The palpable anticipation of the dragons had infected all of the keepers. Every one of them, as well as Leftrin’s entire crew, had put aside all other work to labour at clearing the site. Leftrin had insisted that a skeleton crew must remain aboard his beloved liveship, but the crewmen had alternated duties so that each one had spent some time at the well plaza. Big Eider’s incredible strength had been indispensible to moving the larger pieces of timber, while Hennesey and Skelly had sorted usable lengths of chain from short sections. Thymara had marked well how Hennesey grinned as he worked, jesting and good-natured as she had never seen him before. Perhaps it had something to do with how Tillamon, well attired in Elderling dress now, was always the one to bring him water and to stand beside him asking earnest questions as he affably explained all to her. Tillamon was not pretty; her scaling and the wattles along her jaw reminded Thymara more of an armoured toad from the Rain Forest rather than a graceful Elderling. But then, Hennesey with his scars and work-roughened hands was not a gem of masculine beauty. And neither of them seemed to care much what anyone else thought of them so long as they were pleased with one another. Tall, slender Alum looked more out of place as he struggled to find tasks in Skelly’s vicinity while enduring the solemn scrutiny of every other crew member. Bellin in particular watched him with measuring eyes and a flat mouth.

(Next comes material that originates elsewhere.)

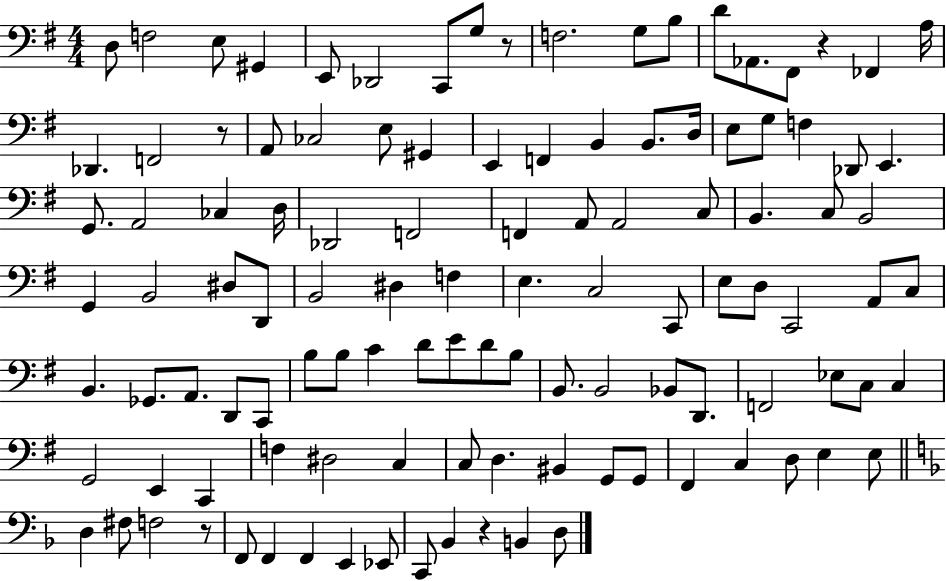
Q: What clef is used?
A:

And so the long work day had gone, with Alise scribbling and the others sorting and moving broken things. Before long, a round hole, bigger across than a tall man’s height, gaped up at them from the centre of the simple plaza. The remains of a brick wall encircled it. The well was wedged full of more wreckage. ‘Going to have to rig a hoist to clear that,’ Swarge observed dourly. ‘Almost looks like it was stuffed down there apurpose,’ he opined, and Carson had agreed with several colourful profanities added.

It had not just fallen; debris had been deliberately packed into the well until it lodged there. Even after a tripod of salvaged timbers had been erected over the well mouth, the task of removing it included breaking it free before it could be hauled up out of the mouth. As the level of debris receded, Leftrin insisted that any keeper climbing into the hole must wear a harness and have a tender. ‘No telling when that wreckage could all give way and fall in, Sa knows how deep. Don’t want a keeper or crew-hand going down with it.’